Itaipu welcomes G20 delegation in Foz do Iguaçu (PR)

Representatives from more than 20 countries are in the city for the 3rd meeting of the Infrastructure Working Group (IWG)

On Tuesday (26), the G20 delegation participating in working meetings in Foz do Iguaçu (PR) was received at the Central Lookout of Itaipu Dam for the opening event of the meeting. Throughout the week, the delegations are taking part in Infrastructure Working Group (IWG) discussions and the G20 Finance Track. This was the first of four meetings in the city.

According to Antonio Freitas, Deputy Secretary for International Finance and Economic Cooperation at the Ministry of Finance, the choice of Foz do Iguaçu as the venue for one of the G20 meetings is a recognition of the relevance the region where the dam is located stands for. ‘The infrastructure working group is discussing four major priorities: poverty infrastructure; climate-resilient infrastructure; mitigation of exchange rate risk for infrastructure investments; and mobilization of resources for cross-border projects. We believe that Itaipu, due to its size, strength, and importance, aligns well with these four major priorities,’ he emphasized. He sees the Binational entity as an example of cooperation between countries that can be a model for the world.

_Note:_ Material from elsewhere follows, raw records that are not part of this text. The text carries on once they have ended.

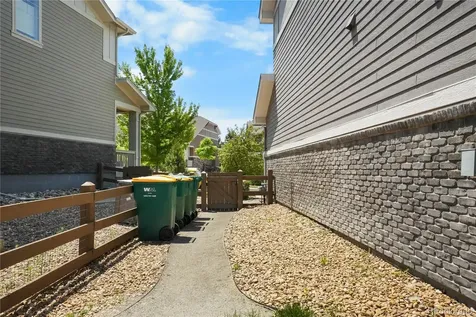 26843 E Easter Place Aurora CO 80016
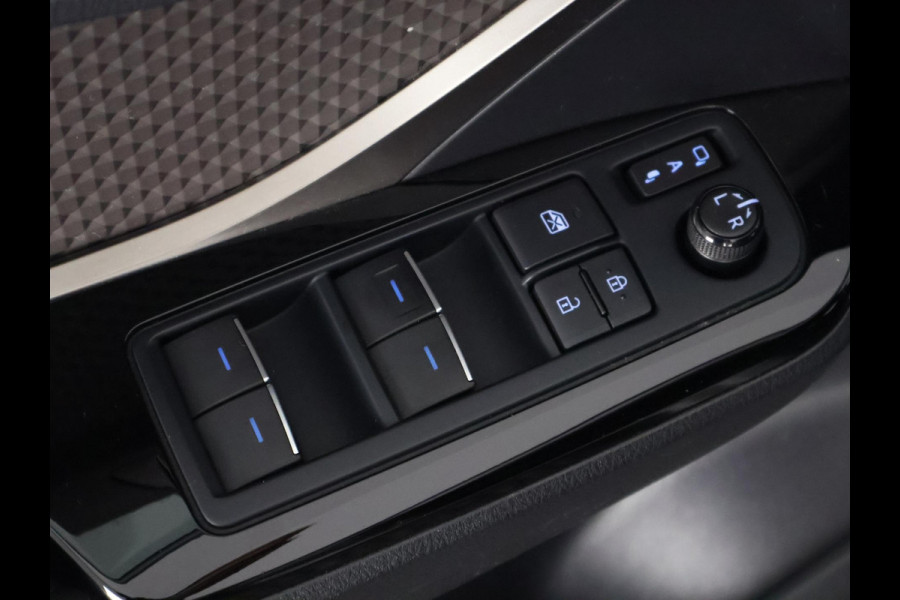 Toyota C-HR 1.8 Hybrid Executive Bi-Tone | JBL Audio | Dodehoek Detectie | Apple Carplay & AndroidAUTO | Half Leder |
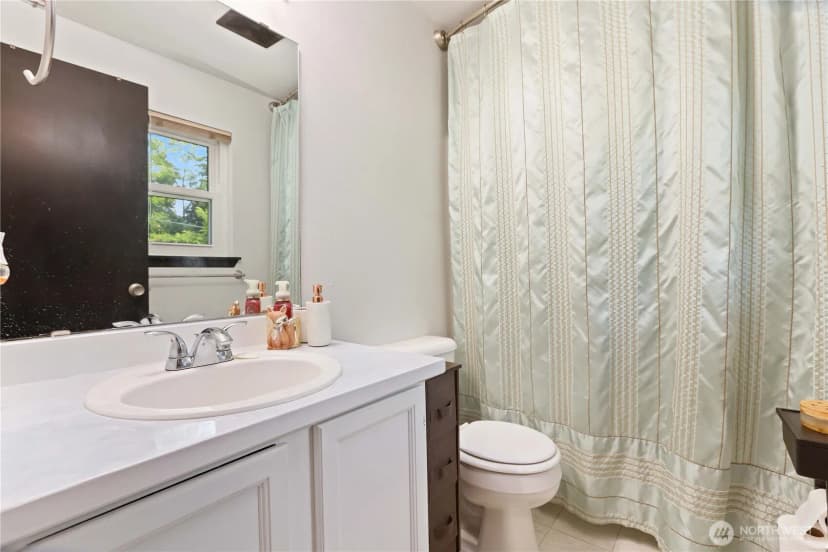 Property photo for 27708 74th Avenue Nw, Stanwood photo 13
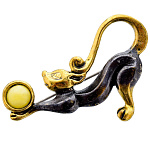 0051093/1714.4 Брошь Кошечка с мячиком (белый)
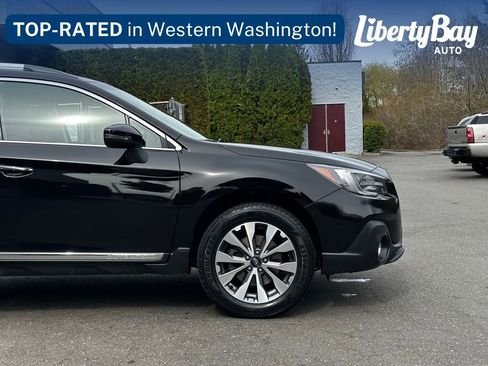 Used 2018 Subaru Outback 2.5i Touring image 3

Group's coordinator, Marden Barboza; Deputy Secretary for International Finance and Economic Cooperation,Antonio Freitas;Brazilian general director of Itaipu Binacional, Enio Verri and André Alliana, Secretary of Tourism in Foz do Iguaçu.
Group’s coordinator, Marden Barboza; Deputy Secretary for International Finance and Economic Cooperation, Antonio Freitas; Brazilian general director of Itaipu Binacional, Enio Verri and André Alliana, Secretary of Tourism of Foz do Iguaçu. Photo: William Brisida

During the event with authorities, the Brazilian general director of Itaipu Binacional, Enio Verri, emphasized the importance of meetings among the 20 richest countries on the planet to bring about fundamental changes in different areas. ‘These meetings will address topics such as the transition in fuels, energy, and consumption, in addition to the climate crisis. Bringing these agendas to Itaipu is a way to show that the company is aligned with these issues, especially energy transition,’ he explained.
According to Verri, the motto adopted by Brazil in the G20, ‘Building a Fair World and a Sustainable Planet’, suits perfectly the company’s policies. ‘Our actions in environmental, social, and income distribution policies are absolutely aligned with this project and this conception,’ he stated.

About the G20

The G20 (Group of 20) is an international forum for economic cooperation established in 1999. It brings together 19 countries, the European Union and the African Union, covering developed and emerging nations. The G20 is not a formal economic bloc, but rather a group dedicated to dialogue on key issues related to global economic stability. The presidency of the G20 is rotating and this year it was assumed by Brazil.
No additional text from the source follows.